■ **Your goal**
Restate the listing that follows word for word, without its pictures.

■ **Data below**
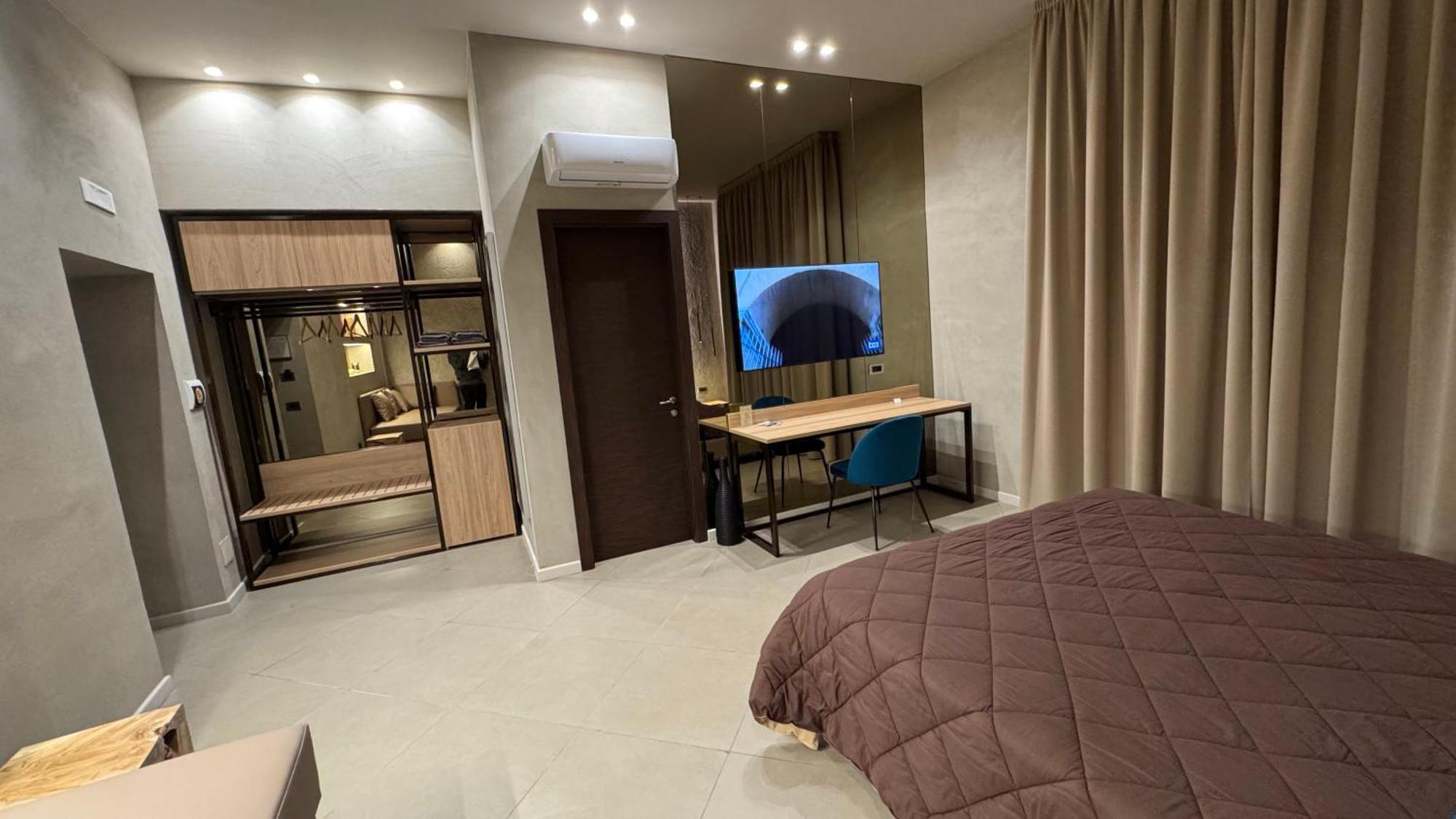 Tropicana Room Caserta Dış mekan fotoğraf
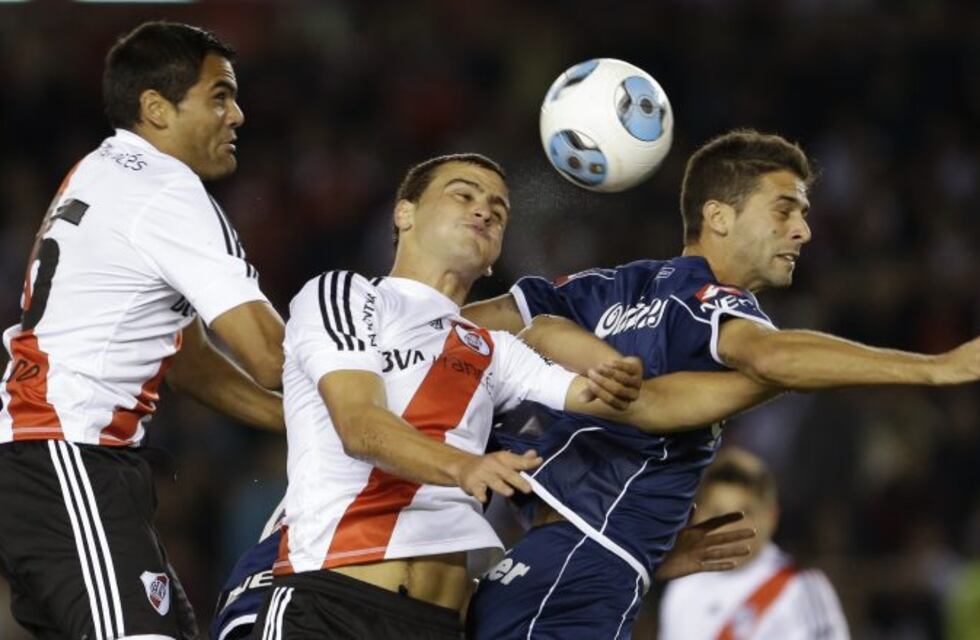 Boca hizo una oferta formal por Leandro González Pirez, exdefensor de River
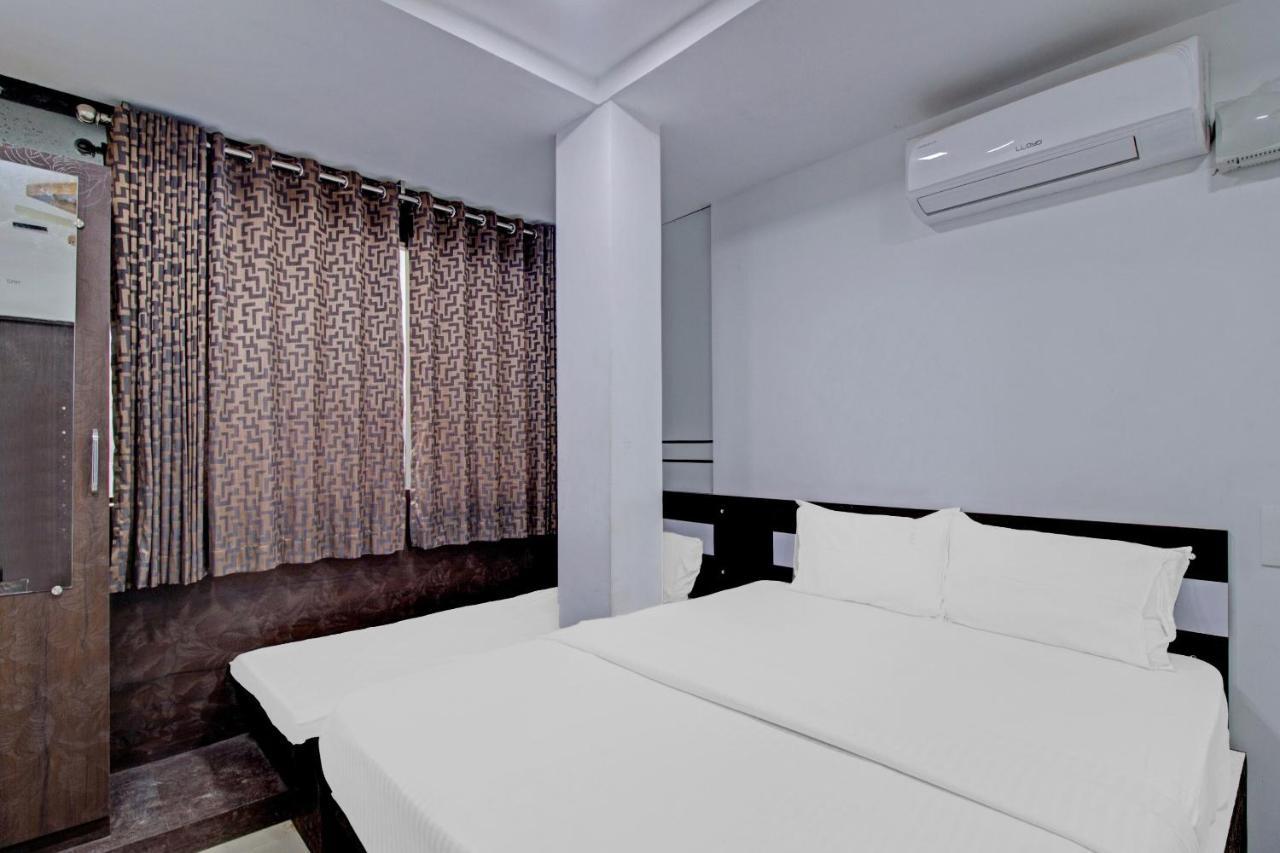 Oyo Flagship 81436 Palace Lodge Μπανγκαλόρ Εξωτερικό φωτογραφία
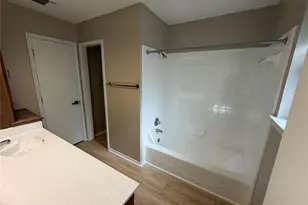 6259 Canyon Cir, Fort Worth, TX 76133 - Photo 10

■ **Solution for this problem**
 Tropicana Room Caserta Dış mekan fotoğraf
 Boca hizo una oferta formal por Leandro González Pirez, exdefensor de River
 Oyo Flagship 81436 Palace Lodge Μπανγκαλόρ Εξωτερικό φωτογραφία
 6259 Canyon Cir, Fort Worth, TX 76133 - Photo 10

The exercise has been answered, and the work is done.